Vigora um evidente mal-entendido nas discussões em torno da epidemia que já matou quase 600 mil brasileiros. Em vez de se discutir o vírus, a doença, as medidas preventivas e profiláticas, vacinação e o itinerário da tragédia, estamos debruçados sobre futricas, intrigas, fofocas. Como se uma doença devastadora fosse um problema de ordem moral e não sanitário.

Jefferson Rudy/Agência Senado
O noticiário que deveria estar na seção de Saúde está a cargo das editorias de Polícia e Política. A mesma histeria que um dia serviu de combustível para a apelidada "lava jato" — que levou à eleição de Jair Bolsonaro — volta agora com as mesmas alucinações e irracionalidades.

A cloroquina e Bolsonaro, duas inutilidades, tornaram-se uma obsessão. E é só delas que se fala. Mais da metade das máscaras utilizadas no Brasil não protegem seus usuários. A falta de cuidados é generalizada. Os postos de saúde param de atender antes da hora. Percebe-se existir tráfico de vacinas. Mas disso não se fala.

Evidente que se deve responsabilizar quem falhou com seus deveres e causou danos à sociedade. Mas o combate à doença virou mero pretexto para jornalistas e senadores espertalhões ganharem notoriedade, no mesmíssimo modelo lavajatista. A primeira vez foi uma farsa, agora é uma tragédia.
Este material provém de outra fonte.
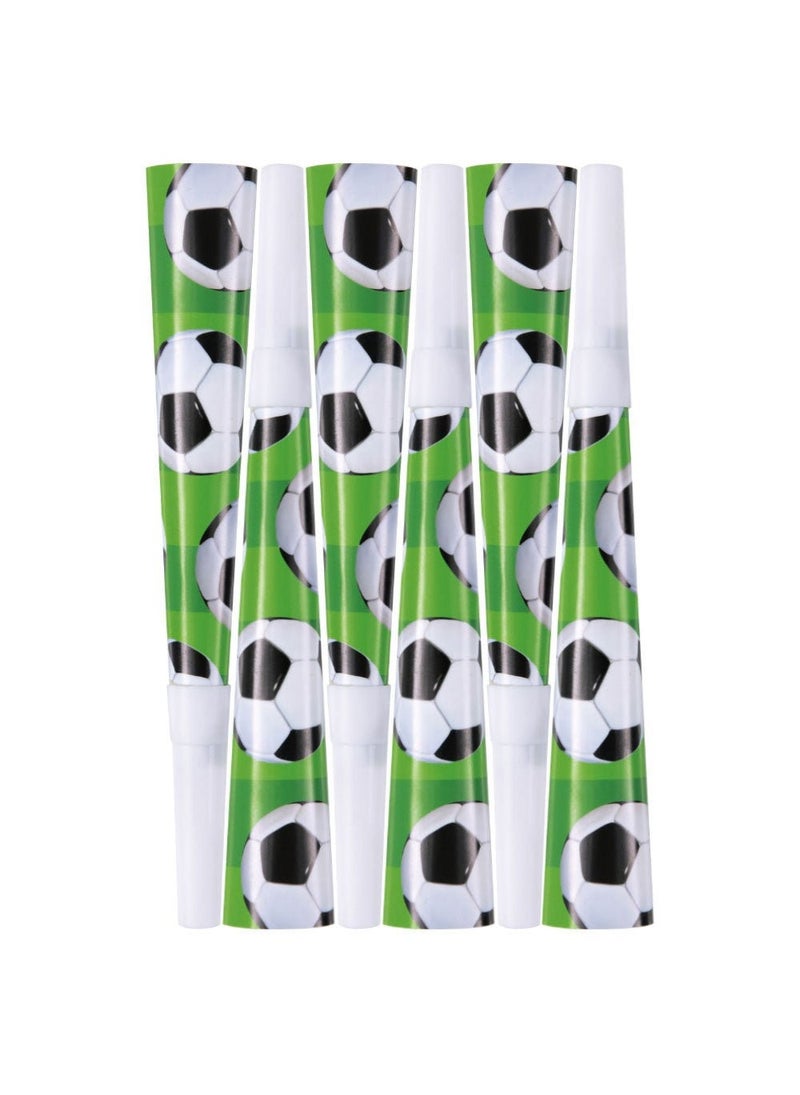 Unique Football Party Horns Green White 19cm 6-Pack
A Comissão Parlamentar de Inquérito não deu uma única contribuição até agora no sentido de diminuir a aflição da sociedade, no campo sanitário. Ao contrário. Coronavírus e Covid são duas expressões estranhas nesse ambiente. A doença, sua origem, medidas para lidar com suas variações, planos para o futuro não são assuntos para essa franquia talibã. A doença parece ter virado um trampolim para vigaristas lavarem suas biografias.

O Brasil é o único país que combate mais um remédio, tido por inútil, do que à doença que se quer exterminar. Como se na próxima onda de gripe fôssemos discutir a aspirina, o doril e a neosaldina, em vez da cepa do vírus e como neutralizá-lo.
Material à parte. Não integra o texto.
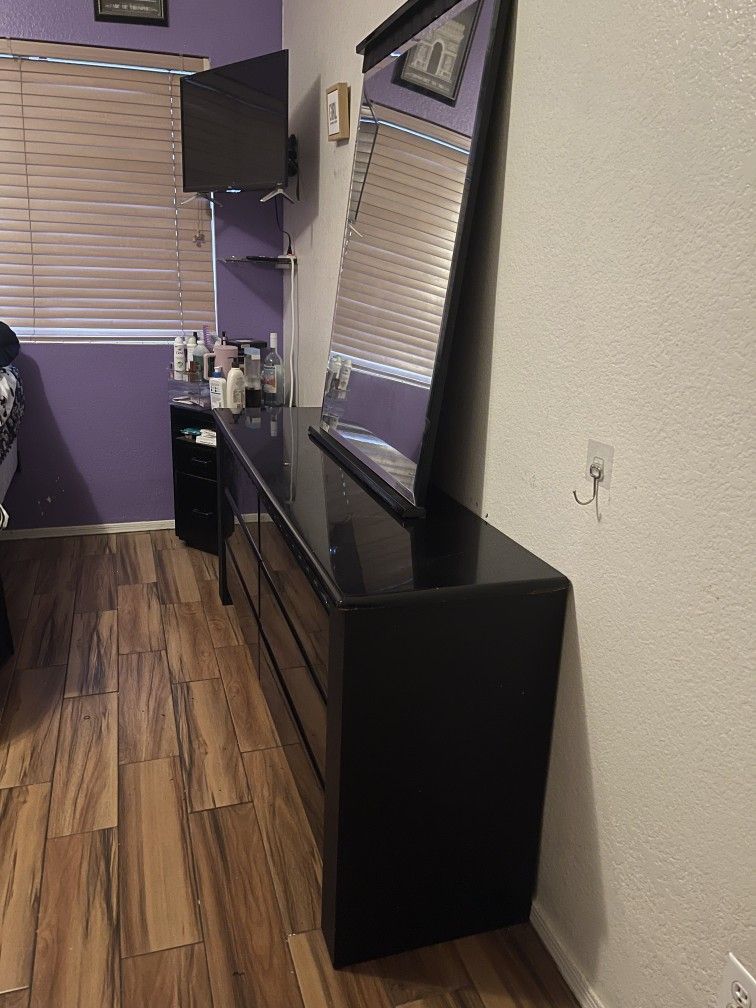 All Black 6 Drawer Dresser with Mirror and Night Stand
Observe-se, nesse aspecto, o trabalho da imprensa. Qual a contribuição da maioria dos meios de comunicação na profilaxia da doença? O que se viu até agora é um jornalismo sem eficiência comprovada na defesa da sociedade. É evidente o constrangimento de quem ajudou a eleger o atual governo e quer se redimir. Mas torcer pelo vírus e celebrar mortes para esfregá-las na cara de Bolsonaro é um despropósito.

A bola da vez é a Prevent Senior, um grupo hospitalar que já tratou 56 mil pessoas contaminadas pela Covid, na faixa dos 68 anos de idade. Salvou 52 mil. Para um termo de comparação: a rede pública e privada trabalha com o percentual de 14% de fatalidades. A Prevent apresenta uma taxa de 7% (cálculo dos números da empresa sobre os dados da Fundação Seade).

O índice de sucesso do grupo, no entanto, foi soterrado por delírios como o de que seus donos seriam nazistas, assassinos, malucos ou tocam guitarra. Se são ou não são, o que isso tem a ver quando se discute a finalidade de uma empresa destinada a garantir a saúde de sua freguesia? O plano é mais barato que a concorrência e, pelos dados disponíveis, a última aferição do grau de satisfação da clientela é superior a 90%.

Mas isso não tem qualquer importância, naturalmente. Teria se a imprensa e os senadores quisessem tratar da doença que mata milhões de pessoas pelo mundo afora — e não usar a desgraça alheia para faturar.